Garden machinery dealership founder dies
The founder of a garden machinery dealership and BAGMA member has died suddenly aged 85.
Ron Smith, the founder of the garden machinery dealership that carries his name, died suddenly at home on June 26. He leaves two children, Mark and Dawn and four grandchildren.
Mark, who now runs the business said: “It came as a complete shock. Dad passed away suddenly in the evening, having come to the business a few hours earlier to look at recently installed racking and to discuss overall business – and was looking forward to another visit soon.”
Having initially worked for farm machinery dealer, J C Baker in Worcester for several years, Ron decided to set up on his own in 1967, buying a Morris Minor van with a logo designed and painted by his late wife, Gina.

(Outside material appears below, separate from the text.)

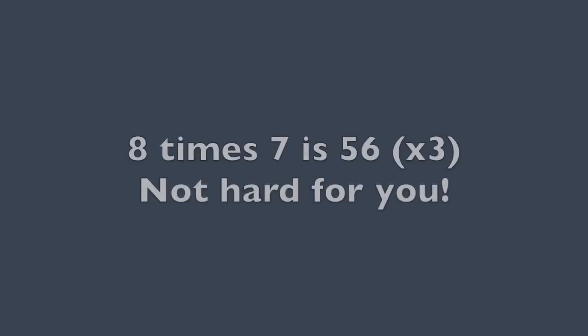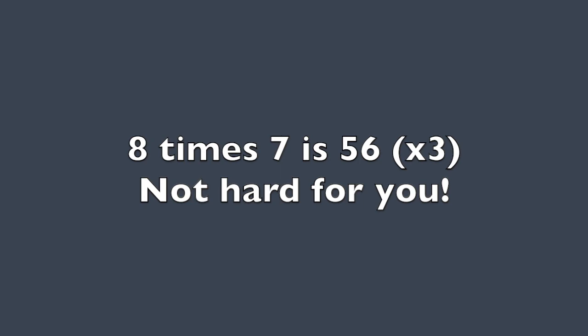Now it's not hard for you. 8 times 7 is 56. 8 times 7 is 56. 8 times 7 is 56. It's not hard for you.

His initial franchises included Westwood where he was greatly helped by Peter Burnham and Homelite, then run by Peter Baker who later joined STIHL as managing director. He sold his first ride-on in 1972, the ubiquitous Westwood Lawn Bug for £182.
As the business grew, he invested in a Volkswagen pick- up truck to collect and deliver machines and repairs, again Gina provided the sign-writing and this time the van boasted a miniature lawnmower on the cab roof to promote his business.
In the 1980s, as the business grew, he purchased adjacent land in Worcester and opened a new showroom. He further expanded the business by opening a second branch in Hereford, and Mark joined the business in the early 1990s having been ever-present from an early age at demonstrations and shows as part of the family firm.
Over the years, Ron took every opportunity to showcase his company to the public at shows, open days and local events, being ever-present at the Three Counties and Malvern shows. In recent years, Mark has championed the use of online sales, using a selling medium that was never available to Ron in the formative days.
Expansion continues with the opening of a new showroom in Hereford in 2016 with an enlarged and centralised showroom, workshop and storage in Worcester planned for development.
Mark says he will miss the constant input and advice from Ron over the years. “Even in his retirement, he took an active interest in the business right up to the end. He was the ultimate self-made businessman, a constant in the fabric of business life in Worcester – and highly regarded and respected in the garden machinery industry by suppliers and fellow dealers over many years.”
A private funeral was held on July 17 in Worcester, and a memorial service is being planned for next year.